Short text fragments from websites:
_____
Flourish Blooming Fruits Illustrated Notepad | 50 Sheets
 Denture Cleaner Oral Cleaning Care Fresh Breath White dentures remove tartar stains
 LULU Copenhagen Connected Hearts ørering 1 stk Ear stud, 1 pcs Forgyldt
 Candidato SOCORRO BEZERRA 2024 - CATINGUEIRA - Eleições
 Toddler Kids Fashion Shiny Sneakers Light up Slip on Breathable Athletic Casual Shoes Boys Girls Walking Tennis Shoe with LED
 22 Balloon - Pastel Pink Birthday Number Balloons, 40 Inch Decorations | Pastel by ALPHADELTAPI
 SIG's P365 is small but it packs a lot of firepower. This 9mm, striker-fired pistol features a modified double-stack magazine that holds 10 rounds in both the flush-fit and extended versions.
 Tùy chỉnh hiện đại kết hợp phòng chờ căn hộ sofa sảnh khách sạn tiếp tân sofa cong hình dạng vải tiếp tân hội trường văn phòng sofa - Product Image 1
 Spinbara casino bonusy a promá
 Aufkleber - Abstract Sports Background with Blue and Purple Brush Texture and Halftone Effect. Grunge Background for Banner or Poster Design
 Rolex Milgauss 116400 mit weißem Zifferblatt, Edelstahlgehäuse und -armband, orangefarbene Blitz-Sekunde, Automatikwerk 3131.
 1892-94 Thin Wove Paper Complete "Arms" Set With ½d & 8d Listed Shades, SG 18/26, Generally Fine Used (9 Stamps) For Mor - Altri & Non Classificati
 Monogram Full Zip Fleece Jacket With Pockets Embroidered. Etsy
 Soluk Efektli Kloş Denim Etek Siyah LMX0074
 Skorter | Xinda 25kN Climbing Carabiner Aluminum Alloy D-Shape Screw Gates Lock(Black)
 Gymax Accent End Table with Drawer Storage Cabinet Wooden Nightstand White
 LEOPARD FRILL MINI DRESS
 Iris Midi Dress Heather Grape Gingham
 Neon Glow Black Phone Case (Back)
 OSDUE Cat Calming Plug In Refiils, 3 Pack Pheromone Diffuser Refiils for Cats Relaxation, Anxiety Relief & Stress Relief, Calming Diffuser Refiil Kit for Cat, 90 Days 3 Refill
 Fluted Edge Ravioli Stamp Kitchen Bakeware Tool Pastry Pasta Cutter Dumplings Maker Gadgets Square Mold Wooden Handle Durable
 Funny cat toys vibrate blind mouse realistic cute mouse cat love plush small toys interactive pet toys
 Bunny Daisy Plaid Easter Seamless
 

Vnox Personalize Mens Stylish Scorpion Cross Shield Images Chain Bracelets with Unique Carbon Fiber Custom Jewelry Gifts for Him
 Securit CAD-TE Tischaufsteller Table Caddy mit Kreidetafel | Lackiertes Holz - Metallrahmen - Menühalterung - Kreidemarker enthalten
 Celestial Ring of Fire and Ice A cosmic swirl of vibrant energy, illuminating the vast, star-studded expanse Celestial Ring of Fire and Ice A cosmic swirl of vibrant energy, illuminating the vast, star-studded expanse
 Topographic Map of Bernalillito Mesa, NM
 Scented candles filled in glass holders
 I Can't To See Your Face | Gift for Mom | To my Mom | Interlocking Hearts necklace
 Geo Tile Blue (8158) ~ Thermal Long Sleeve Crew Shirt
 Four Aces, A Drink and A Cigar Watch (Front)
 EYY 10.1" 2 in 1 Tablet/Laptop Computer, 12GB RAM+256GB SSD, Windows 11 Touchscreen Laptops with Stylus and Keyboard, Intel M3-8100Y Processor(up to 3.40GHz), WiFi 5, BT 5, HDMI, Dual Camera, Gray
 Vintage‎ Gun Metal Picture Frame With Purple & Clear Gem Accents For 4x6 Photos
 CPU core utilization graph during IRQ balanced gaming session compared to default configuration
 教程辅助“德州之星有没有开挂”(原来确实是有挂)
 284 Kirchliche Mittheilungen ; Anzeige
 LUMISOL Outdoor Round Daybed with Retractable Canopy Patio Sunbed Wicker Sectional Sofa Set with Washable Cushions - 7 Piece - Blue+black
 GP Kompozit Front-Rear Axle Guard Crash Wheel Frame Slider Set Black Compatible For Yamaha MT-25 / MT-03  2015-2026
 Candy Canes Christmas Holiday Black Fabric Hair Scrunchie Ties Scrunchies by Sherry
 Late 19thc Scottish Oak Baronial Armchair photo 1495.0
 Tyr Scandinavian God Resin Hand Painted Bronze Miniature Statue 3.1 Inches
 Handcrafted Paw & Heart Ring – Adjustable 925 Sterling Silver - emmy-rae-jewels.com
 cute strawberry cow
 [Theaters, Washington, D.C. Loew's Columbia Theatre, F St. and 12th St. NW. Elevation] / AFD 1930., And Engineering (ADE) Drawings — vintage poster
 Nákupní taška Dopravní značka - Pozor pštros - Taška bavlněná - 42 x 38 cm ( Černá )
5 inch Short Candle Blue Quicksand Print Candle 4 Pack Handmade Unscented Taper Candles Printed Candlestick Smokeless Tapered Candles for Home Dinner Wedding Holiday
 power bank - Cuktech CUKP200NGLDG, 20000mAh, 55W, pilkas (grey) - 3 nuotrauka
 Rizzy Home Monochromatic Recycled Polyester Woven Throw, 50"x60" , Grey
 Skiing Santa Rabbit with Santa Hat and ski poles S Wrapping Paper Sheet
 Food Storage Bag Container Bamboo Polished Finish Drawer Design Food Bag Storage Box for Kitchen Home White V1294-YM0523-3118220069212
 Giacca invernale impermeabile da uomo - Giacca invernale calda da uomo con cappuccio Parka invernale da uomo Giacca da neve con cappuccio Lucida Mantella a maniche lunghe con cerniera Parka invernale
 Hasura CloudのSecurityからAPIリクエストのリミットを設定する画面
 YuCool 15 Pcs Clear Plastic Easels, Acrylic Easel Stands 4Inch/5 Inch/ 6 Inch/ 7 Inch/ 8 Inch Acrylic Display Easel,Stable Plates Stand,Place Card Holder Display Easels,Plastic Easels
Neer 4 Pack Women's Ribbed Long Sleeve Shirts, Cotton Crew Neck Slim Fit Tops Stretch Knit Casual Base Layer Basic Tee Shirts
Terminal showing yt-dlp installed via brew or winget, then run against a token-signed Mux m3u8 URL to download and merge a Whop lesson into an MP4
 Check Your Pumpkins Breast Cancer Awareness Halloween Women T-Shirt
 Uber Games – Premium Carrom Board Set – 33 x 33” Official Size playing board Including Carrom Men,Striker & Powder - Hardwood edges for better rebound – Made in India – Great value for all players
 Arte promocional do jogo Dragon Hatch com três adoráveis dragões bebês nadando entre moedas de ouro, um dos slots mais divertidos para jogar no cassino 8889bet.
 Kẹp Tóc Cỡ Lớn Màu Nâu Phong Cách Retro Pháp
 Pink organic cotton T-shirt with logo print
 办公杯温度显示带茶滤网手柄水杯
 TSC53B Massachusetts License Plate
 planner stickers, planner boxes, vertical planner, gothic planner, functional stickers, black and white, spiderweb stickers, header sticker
_____
* Description of the task
Your answer should repeat every entry exactly.

* Solution to the exercise
Flourish Blooming Fruits Illustrated Notepad | 50 Sheets
 Denture Cleaner Oral Cleaning Care Fresh Breath White dentures remove tartar stains
 LULU Copenhagen Connected Hearts ørering 1 stk Ear stud, 1 pcs Forgyldt
 Candidato SOCORRO BEZERRA 2024 - CATINGUEIRA - Eleições
 Toddler Kids Fashion Shiny Sneakers Light up Slip on Breathable Athletic Casual Shoes Boys Girls Walking Tennis Shoe with LED
 22 Balloon - Pastel Pink Birthday Number Balloons, 40 Inch Decorations | Pastel by ALPHADELTAPI
 SIG's P365 is small but it packs a lot of firepower. This 9mm, striker-fired pistol features a modified double-stack magazine that holds 10 rounds in both the flush-fit and extended versions.
 Tùy chỉnh hiện đại kết hợp phòng chờ căn hộ sofa sảnh khách sạn tiếp tân sofa cong hình dạng vải tiếp tân hội trường văn phòng sofa - Product Image 1
 Spinbara casino bonusy a promá
 Aufkleber - Abstract Sports Background with Blue and Purple Brush Texture and Halftone Effect. Grunge Background for Banner or Poster Design
 Rolex Milgauss 116400 mit weißem Zifferblatt, Edelstahlgehäuse und -armband, orangefarbene Blitz-Sekunde, Automatikwerk 3131.
 1892-94 Thin Wove Paper Complete "Arms" Set With ½d & 8d Listed Shades, SG 18/26, Generally Fine Used (9 Stamps) For Mor - Altri & Non Classificati
 Monogram Full Zip Fleece Jacket With Pockets Embroidered. Etsy
 Soluk Efektli Kloş Denim Etek Siyah LMX0074
 Skorter | Xinda 25kN Climbing Carabiner Aluminum Alloy D-Shape Screw Gates Lock(Black)
 Gymax Accent End Table with Drawer Storage Cabinet Wooden Nightstand White
 LEOPARD FRILL MINI DRESS
 Iris Midi Dress Heather Grape Gingham
 Neon Glow Black Phone Case (Back)
 OSDUE Cat Calming Plug In Refiils, 3 Pack Pheromone Diffuser Refiils for Cats Relaxation, Anxiety Relief & Stress Relief, Calming Diffuser Refiil Kit for Cat, 90 Days 3 Refill
 Fluted Edge Ravioli Stamp Kitchen Bakeware Tool Pastry Pasta Cutter Dumplings Maker Gadgets Square Mold Wooden Handle Durable
 Funny cat toys vibrate blind mouse realistic cute mouse cat love plush small toys interactive pet toys
 Bunny Daisy Plaid Easter Seamless
 

Vnox Personalize Mens Stylish Scorpion Cross Shield Images Chain Bracelets with Unique Carbon Fiber Custom Jewelry Gifts for Him
 Securit CAD-TE Tischaufsteller Table Caddy mit Kreidetafel | Lackiertes Holz - Metallrahmen - Menühalterung - Kreidemarker enthalten
 Celestial Ring of Fire and Ice A cosmic swirl of vibrant energy, illuminating the vast, star-studded expanse Celestial Ring of Fire and Ice A cosmic swirl of vibrant energy, illuminating the vast, star-studded expanse
 Topographic Map of Bernalillito Mesa, NM
 Scented candles filled in glass holders
 I Can't To See Your Face | Gift for Mom | To my Mom | Interlocking Hearts necklace
 Geo Tile Blue (8158) ~ Thermal Long Sleeve Crew Shirt
 Four Aces, A Drink and A Cigar Watch (Front)
 EYY 10.1" 2 in 1 Tablet/Laptop Computer, 12GB RAM+256GB SSD, Windows 11 Touchscreen Laptops with Stylus and Keyboard, Intel M3-8100Y Processor(up to 3.40GHz), WiFi 5, BT 5, HDMI, Dual Camera, Gray
 Vintage‎ Gun Metal Picture Frame With Purple & Clear Gem Accents For 4x6 Photos
 CPU core utilization graph during IRQ balanced gaming session compared to default configuration
 教程辅助“德州之星有没有开挂”(原来确实是有挂)
 284 Kirchliche Mittheilungen ; Anzeige
 LUMISOL Outdoor Round Daybed with Retractable Canopy Patio Sunbed Wicker Sectional Sofa Set with Washable Cushions - 7 Piece - Blue+black
 GP Kompozit Front-Rear Axle Guard Crash Wheel Frame Slider Set Black Compatible For Yamaha MT-25 / MT-03  2015-2026
 Candy Canes Christmas Holiday Black Fabric Hair Scrunchie Ties Scrunchies by Sherry
 Late 19thc Scottish Oak Baronial Armchair photo 1495.0
 Tyr Scandinavian God Resin Hand Painted Bronze Miniature Statue 3.1 Inches
 Handcrafted Paw & Heart Ring – Adjustable 925 Sterling Silver - emmy-rae-jewels.com
 cute strawberry cow
 [Theaters, Washington, D.C. Loew's Columbia Theatre, F St. and 12th St. NW. Elevation] / AFD 1930., And Engineering (ADE) Drawings — vintage poster
 Nákupní taška Dopravní značka - Pozor pštros - Taška bavlněná - 42 x 38 cm ( Černá )
5 inch Short Candle Blue Quicksand Print Candle 4 Pack Handmade Unscented Taper Candles Printed Candlestick Smokeless Tapered Candles for Home Dinner Wedding Holiday
 power bank - Cuktech CUKP200NGLDG, 20000mAh, 55W, pilkas (grey) - 3 nuotrauka
 Rizzy Home Monochromatic Recycled Polyester Woven Throw, 50"x60" , Grey
 Skiing Santa Rabbit with Santa Hat and ski poles S Wrapping Paper Sheet
 Food Storage Bag Container Bamboo Polished Finish Drawer Design Food Bag Storage Box for Kitchen Home White V1294-YM0523-3118220069212
 Giacca invernale impermeabile da uomo - Giacca invernale calda da uomo con cappuccio Parka invernale da uomo Giacca da neve con cappuccio Lucida Mantella a maniche lunghe con cerniera Parka invernale
 Hasura CloudのSecurityからAPIリクエストのリミットを設定する画面
 YuCool 15 Pcs Clear Plastic Easels, Acrylic Easel Stands 4Inch/5 Inch/ 6 Inch/ 7 Inch/ 8 Inch Acrylic Display Easel,Stable Plates Stand,Place Card Holder Display Easels,Plastic Easels
Neer 4 Pack Women's Ribbed Long Sleeve Shirts, Cotton Crew Neck Slim Fit Tops Stretch Knit Casual Base Layer Basic Tee Shirts
Terminal showing yt-dlp installed via brew or winget, then run against a token-signed Mux m3u8 URL to download and merge a Whop lesson into an MP4
 Check Your Pumpkins Breast Cancer Awareness Halloween Women T-Shirt
 Uber Games – Premium Carrom Board Set – 33 x 33” Official Size playing board Including Carrom Men,Striker & Powder - Hardwood edges for better rebound – Made in India – Great value for all players
 Arte promocional do jogo Dragon Hatch com três adoráveis dragões bebês nadando entre moedas de ouro, um dos slots mais divertidos para jogar no cassino 8889bet.
 Kẹp Tóc Cỡ Lớn Màu Nâu Phong Cách Retro Pháp
 Pink organic cotton T-shirt with logo print
 办公杯温度显示带茶滤网手柄水杯
 TSC53B Massachusetts License Plate
 planner stickers, planner boxes, vertical planner, gothic planner, functional stickers, black and white, spiderweb stickers, header sticker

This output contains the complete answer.